The Banjul protocol in line with the ARIPO’s objectives was adopted to promote the harmonisation and development of intellectual property laws and to establish common services necessary for the co-ordination, harmonisation and development of intellectual property activities affecting its members. The protocol was adopted on November 9 1993 at Banjul and entered into force on March 6 1997. As of today, it has been ratified by a number of African States that include; Uganda, Kenya, The United Republic of Tanzania, Botswana, Lesotho, Liberia, Malawi, Namibia, Sao Tome and Principe, Swaziland, Zimbabwe, Gambia, Ghana, Kenya, Mozambique, Sierra Leone, Sudan and Zambia. The protocol provides a centralised trademark registration procedure.
Direct registration in a member state is done by an application to the Intellectual Property Office of such member state and the application is considered basing on the domestic legislation of such member state and its requirements. This is in line with the Paris Convention for Protection of Industrial Property, 1883, which incorporates the principal of territoriality and allows a sovereign state to be able to decide on whether a given trademark should be registered basing on its national laws.
All applications through ARIPO Secretariat for the registration of a mark are filed either directly with the Office or with the Industrial Property Office of a Contracting State by the applicant or his duly authorized representative who then transmits the application to the secretariat. Where the applicant seeks to have his mark(s) protected in several countries, such countries have to be designated on the application. The application is considered by the secretariat and once it meets all the formal requirements, it is forwarded by the secretariat to each designated state. Upon receipt of the application, the designated state then considers the application basing on its national laws.

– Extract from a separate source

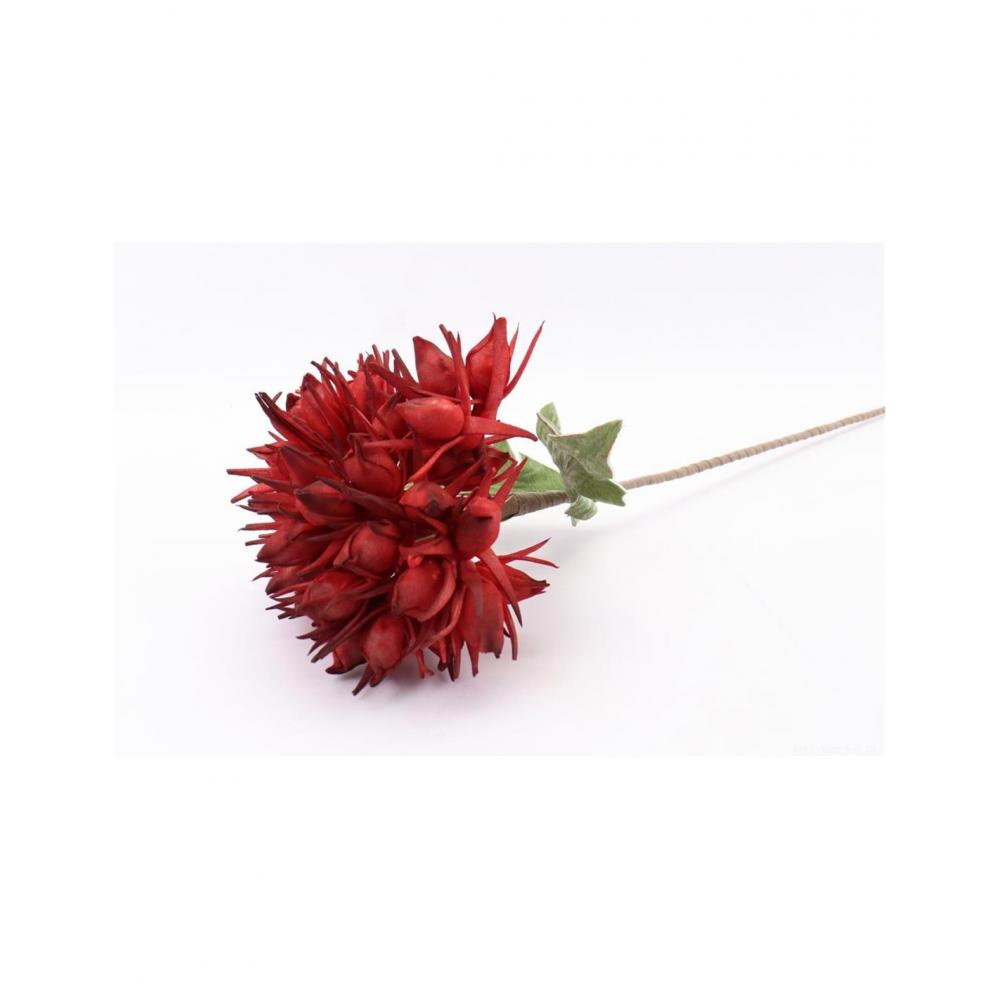 Κλαδί Αγάπανθος κόκκινο Η78cm Plastona 012.862192115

An application for registration of a Mark which has been accepted by any designated State is then published in the ARIPO Marks Journal as having been accepted by the designated State or designated States concerned. At any time after the publication in the Marks Journal of an application as accepted by the designated State or designated States but before the registration of the mark by the secretariat, any person may give a notice of opposition to the application for registration in a designated State or designated States. Once notice of opposition is lodged, the application is treated according to the opposition procedures laid down under the national laws of the designated State or designated States concerned.

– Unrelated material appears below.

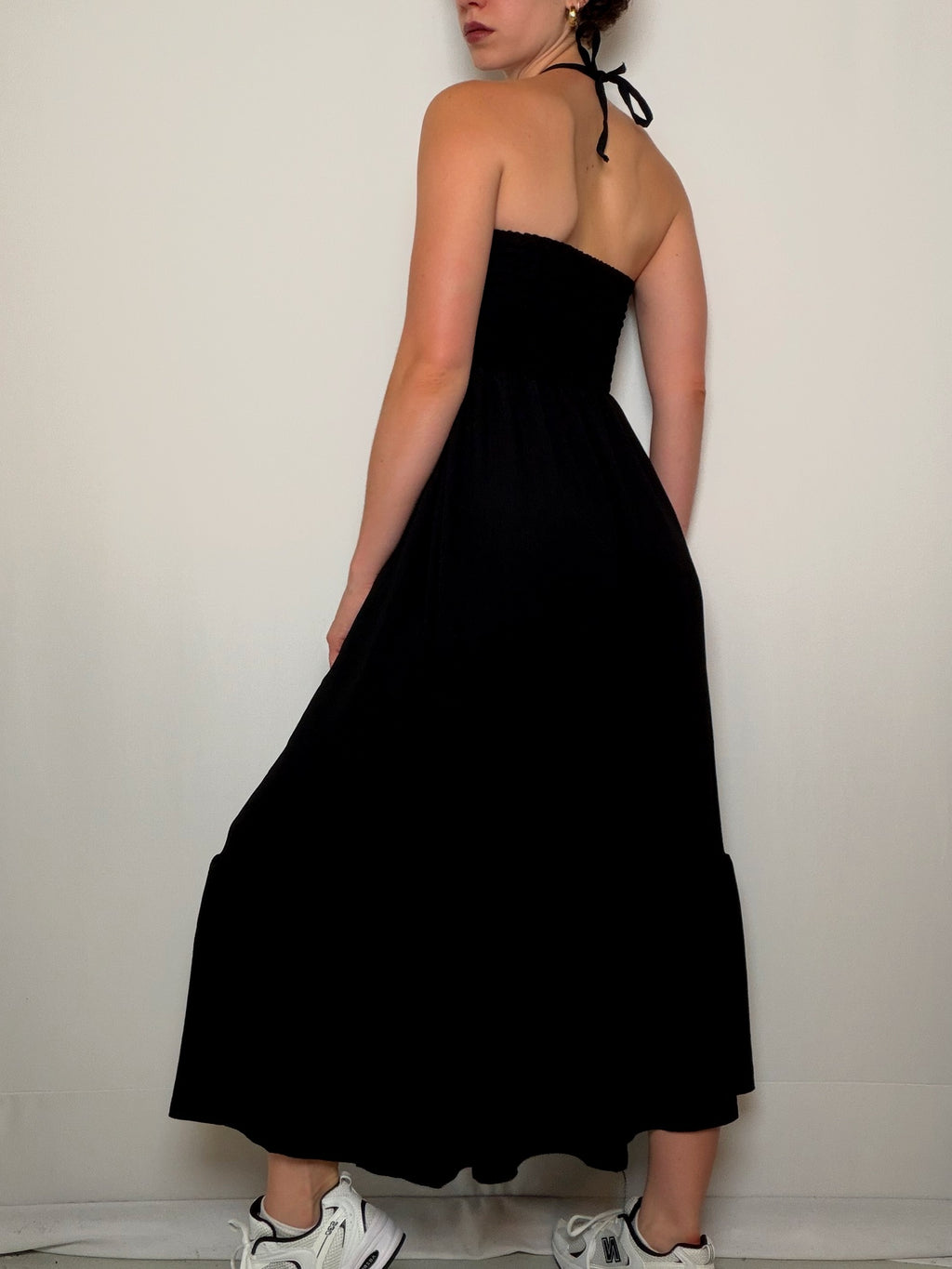 Robe noire longue S/M vintage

Where no opposition has been made or where it has been successfully defended, the mark(s) is registered by the Secretariat office three months after the publication in the Marks Journal. The registration is then recorded in the Marks Register and the Secretariat Office issues to the applicant a certificate of registration. The fact of registration of a mark is then published in the Marks Journal.

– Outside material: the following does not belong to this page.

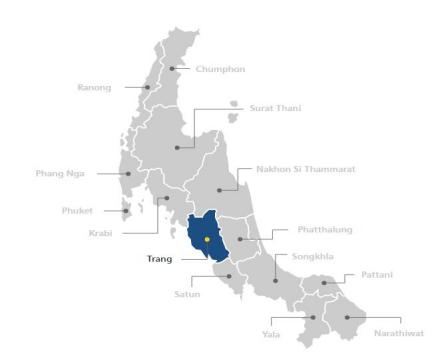 泰国董里府地图图片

The registration of a mark remains valid for a period of 10 years from the filing date and may be renewed for further periods of 10 years. The renewal of the registration must be effected on or before the date of expiration of the original registration or of the last renewal of the registration though a grace period of 6 months is allowed, in either case, on payment of a surcharge.
The registration of a mark by the ARIPO Secretariat has the same effect in each designated State, with respect to rights conferred by the mark, as if it was filed and registered under the national laws of each such state. The national laws of each Contracting State apply to the cancellation of a registration, whether based on non-use or any other grounds.